Ok, this is a very important detail. Data pipelines that don’t change the chunk structure and are suitably local to each chunk are “embarrassingly parallel”. There are many task execution frameworks that would probably handle this well, and it would be great if Dask got better at these very large but relatively simple transformations.
This is a choice you can make in your algorithm. In your approach (“push”), you would loop over files, reading each one only once and potentially writing to multiple target chunks. You would have to worry about write locks or else face potential data corruption from asynchronous writes. Alternatively, for a “pull” approach, you would write each target chunk out only once, but potentially may have to read your input files over and over many times. As you said, especially on cloud, the concurrent reads should perform just fine.
For large, “full-shuffle” style rechunking, you’re likely to hit memory limits with an embarrassingly parallel approach. Some more computational complexity–either task dependencies or temporary storage–is likely required.
A Proposal
This problem is driving me crazy. I would say I have thought about it most nights as I try to fall asleep for the past year or longer. The worst part about this is that it’s not even an interesting problem. It’s a straightforward problem in blocked linear algebra for which an optimal algorithm, given i/o and memory limitations, is likely already known to computer science. Or it’s a problem that a student in the right sub-field would be able to solve very quickly, in terms of algorithm design. However, it can perhaps be made interesting by combining with a modern, asynchronous, serverless parallel execution framework.

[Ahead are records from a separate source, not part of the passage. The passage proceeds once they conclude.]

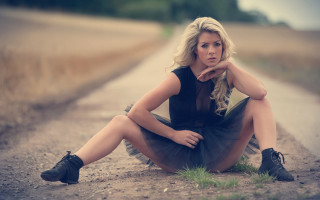 Woman sitting on tire outdoors - bettina heinenayech free wallpaper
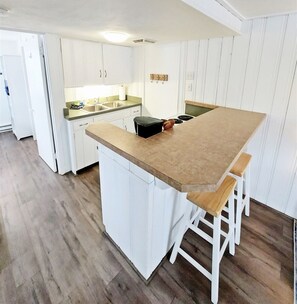 Enjoy cooking in this well-equipped kitchen with a central island, white cabinetry, and a stove.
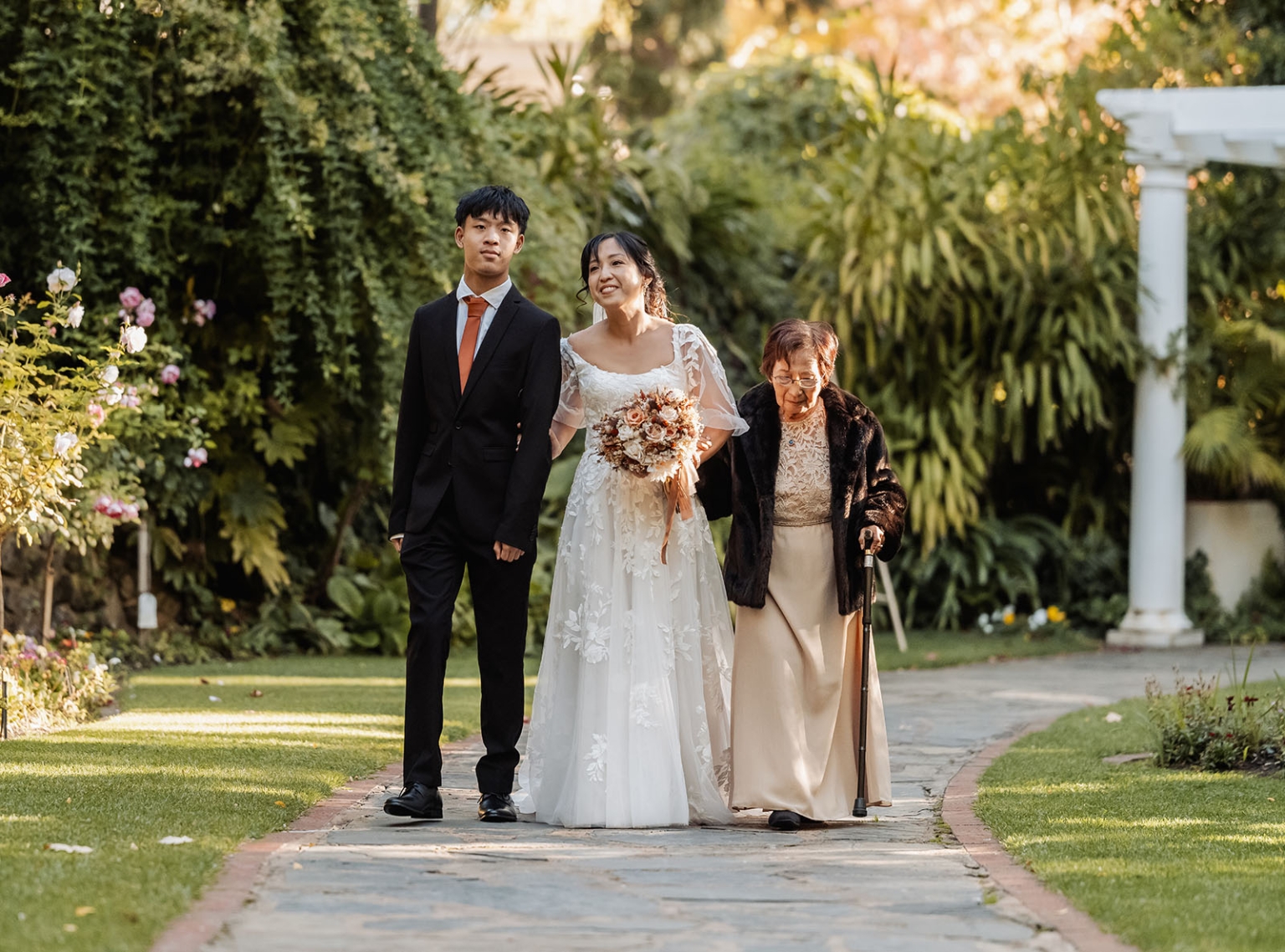 adelaide hills wedding at the manor - jo & dan 19 Bride walks garden wedding path with family, bouquet, and elderly relative.
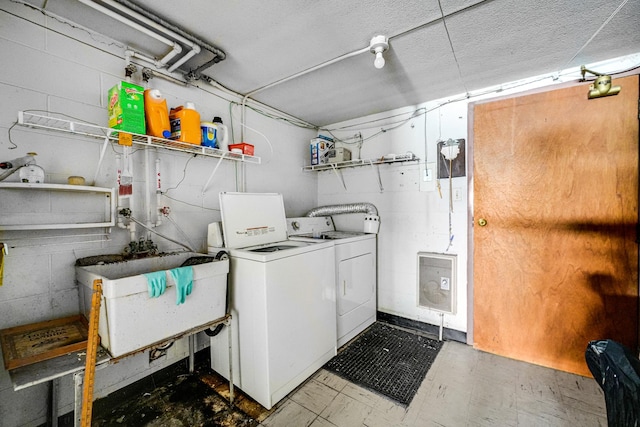9802 S Karlov Ave Unit A, Oak Lawn, IL 60453 - washroom featuring washer and clothes dryer and concrete block wall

We should collaborate with a computer scientist to solve this problem well. The end result should be a simple utility than can rechunk any dataset and, given a scheduler, execute the operation. We will be able to write a paper about how well our algorithm scales, and we will get a very useful tool out of the process.
As a CLI, it might look like
zarr_rechunk --from gs://bucket/group/array1 --to gs://bucket/group/array2 --target-chunks (-1, 1000, 2000)
I would love to investigate pywren / numpywren as en execution framework, as it would enable us to do things in a truly serverless way, using aws lambda / cloud functions.
(also numpywren)
If there are any computer scientists out there who find this problem compelling, please help us!